La vieille mère de Cabrera vivait très retirée à Tortose. Le brigadier Nogueras, commandant-général du Bas-Aragon, la fit enlever, et demanda au général Mina, qui était alors capitaine-général de la Catalogne, l’autorisation de la faire exécuter comme prévenue de conspiration. Mina donna l’ordre, et la pauvre femme fut tout uniment fusillée, sans autre forme de procès, en représailles, disait-on, des horreurs que son fils commettait tous les jours. Interrogé plus tard dans les cortès sur cet acte de barbarie sauvage, Mina a voulu soutenir qu’il y avait eu conseil de guerre, procès régulier, jugement, et que la conspiration avait été démontrée ; mais il lui fut impossible de le prouver, et la responsabilité du fait retombe tout entière sur Nogueras et sur lui.
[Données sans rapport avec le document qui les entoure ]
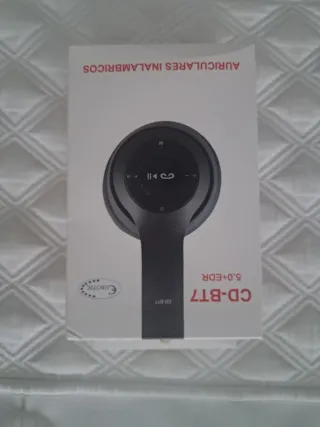 Cascos Inalámbricos Eurotec CD-BT7 Bluetooth 5.0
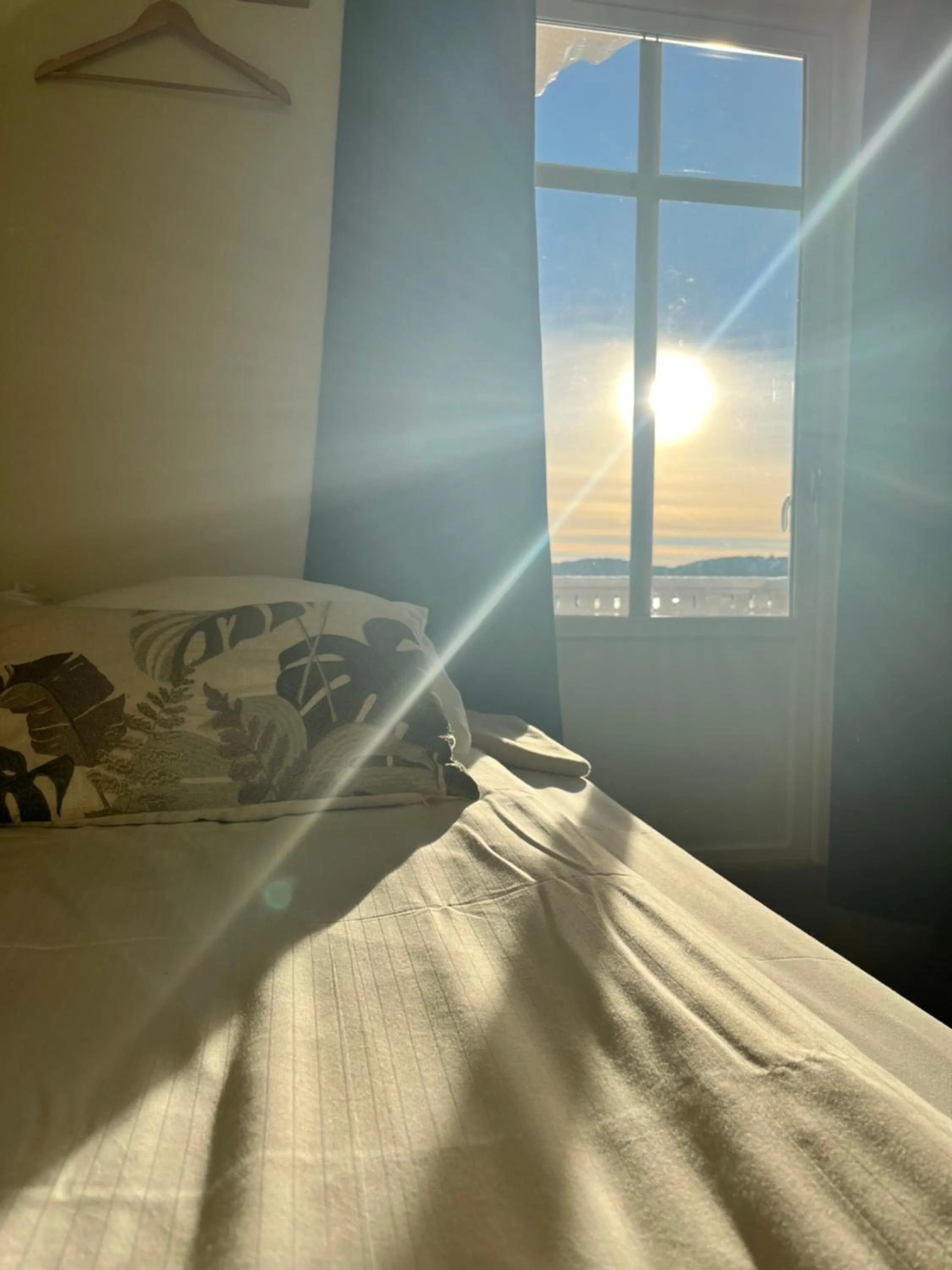 Bed in Victoria Hotel Kragerø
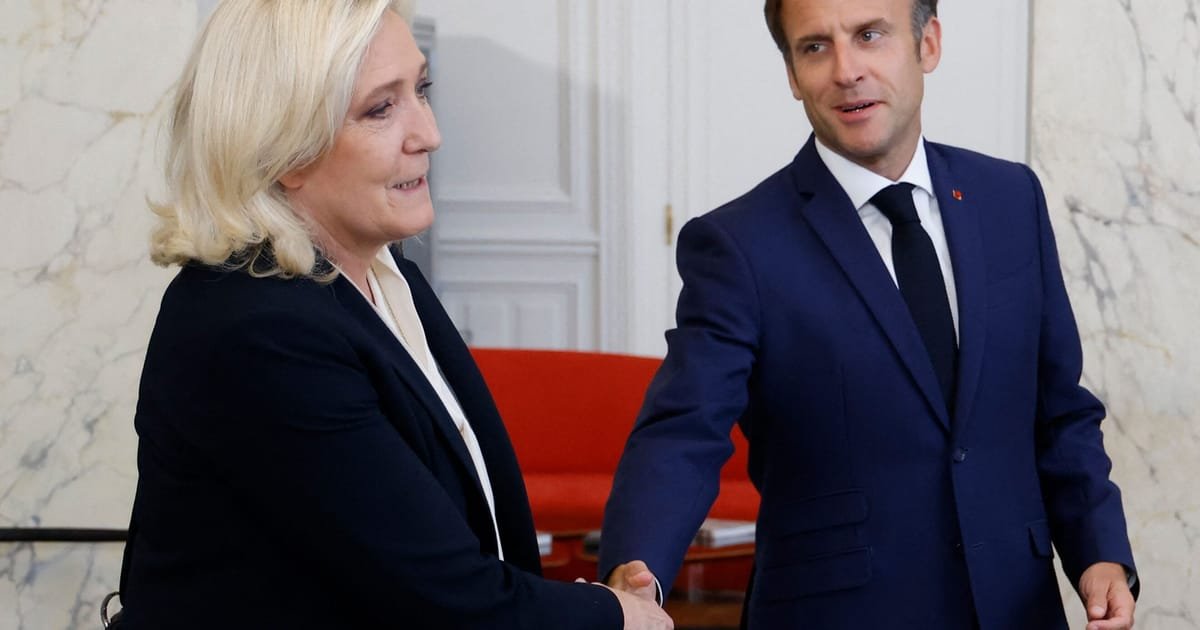 Macron Breaks Silence on Le Pen Verdict: ‘The Law Applies to Everyone’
Quoique brouillé depuis long-temps avec sa mère, Cabrera avait conservé pour elle cette affection reconnaissante que les mauvais sujets ont toujours pour la seule personne qui leur ait montré de l’indulgence dans leurs égaremens. Transporté de fureur à la nouvelle du crime qui venait d’être commis, il ordonna, dans un ordre du jour terrible, que trente-quatre femmes d’officiers christinos, qui étaient alors entre ses mains, fussent immédiatement fusillées. Il annonça en même temps que tous ceux qu’il prendrait à l’avenir les armes à la main seraient fusillés, et qu’il vengerait sans rémission le meurtre de sa mère sur les familles des chefs christinos. Cette épouvantable menace fut remplie à la lettre, surtout dans les premiers temps qui suivirent l’attentat de Nogueras, et l’ascendant de Cabrera s’accrut de tout le prestige que donne en Espagne une mission de vengeance religieusement exécutée.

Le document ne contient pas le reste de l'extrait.